Guénon não o diz, mas a sua exposição trata, cremos, da confusão comum entre os sentidos de O θεός ("o theós", Deus) em monoteísmo e οι θεοί ("oi theoi", os deuses) em politeísmo. Embora ambos, monoteísmo e politeísmo, utilizem o mesmo termo θεός, o sentido empregado muda nos dois usos. O monoteísmo afirma θεός como origem e sustentáculo de todas as coisas, isto é, como a fonte última e eterna de toda a realidade. O sentido de θεός em politeísmo afirma a existência não de uma pletora de princípios distintos, todos igualmente responsáveis pela origem e sustentação de toda a realidade, mas sim uma classe de realidades, superiores ao homem, que, no entanto, é composta igualmente por manifestações do Princípio último de todas as coisas.
Em outros termos, o absolutamente Incondicionado dá origem a diversos níveis de condicionados. Os deuses, como diriam os gregos antigos, são Ἀθάνατοι, "imortais". Eles possuem origem (o que na mitologia é simbolizado pelas narrativas dos nascimentos dos deuses), mas não morrem. Não são a fonte última de todas coisas, mas são superiores aos homens, que são mortais. Do mesmo modo, os deuses não podem ser igualados ao Princípio último, ao Incondicionado, por mais sublimes que estes sejam em comparação com os homens.

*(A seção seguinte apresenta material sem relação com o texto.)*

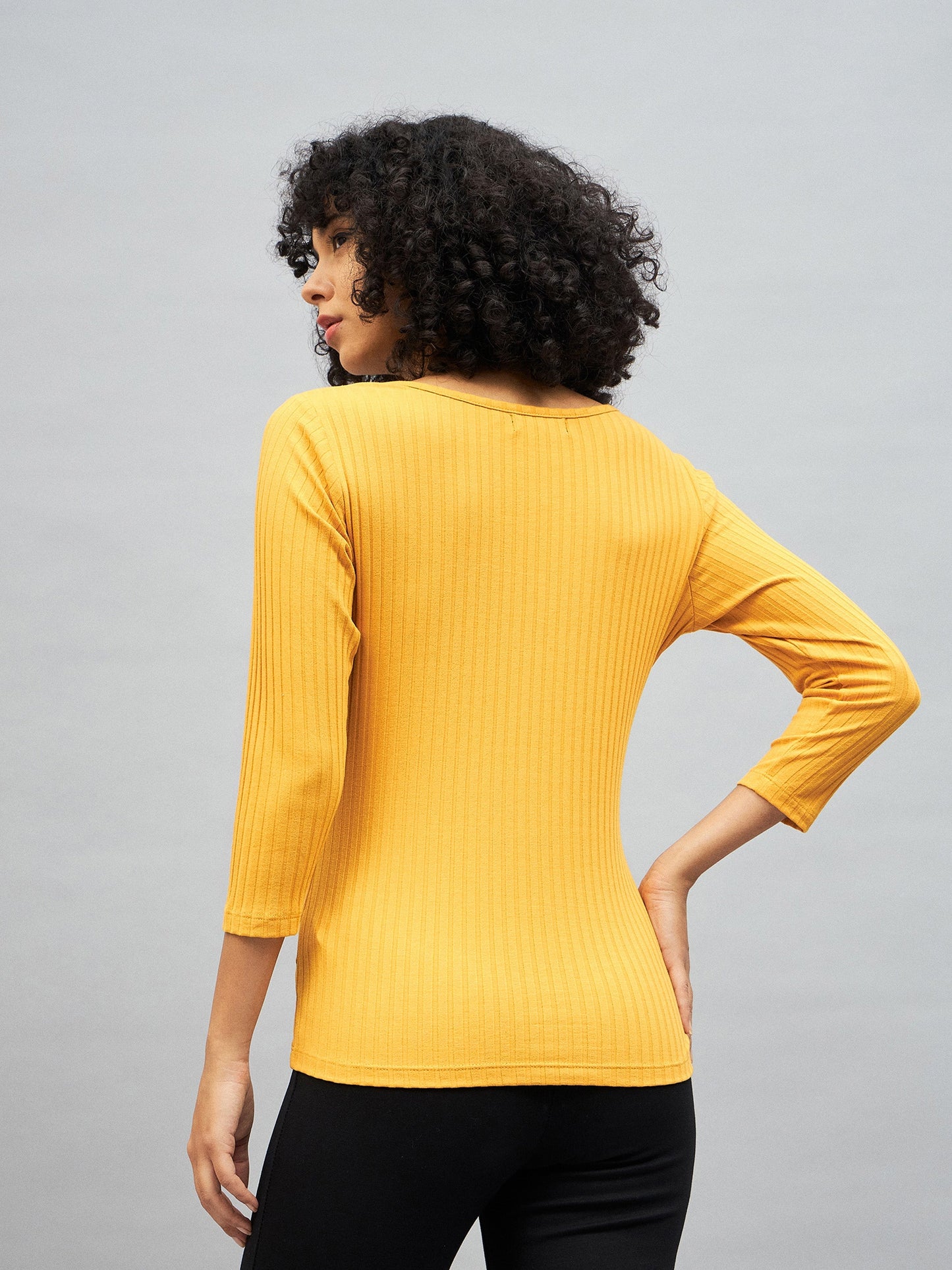 Yellow Rib V-Neck Top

Confundir os deuses com o Princípio seria confundir o finito com o infinito, o causado com a causa. Toda a incompatibilidade entre o monoteísmo e o politeísmo adviria somente da incompreensão dessas relações. Ademais, a presença da angeologia em tradições monoteístas como o judaísmo, o cristianismo e o islamismo seria a evidência de que essa pretendida incompatibilidade é ilusória, pois os anjos não seriam mais do que manifestações desse Princípio. Como, por exemplo, manifesta a deliberada identificação realizada pelo filósofo judeu Fílon de Alexandria (século I D.C.) entre as Idéias de Platão e os anjos, na qualidade de razões eternas contidas na mente de Deus.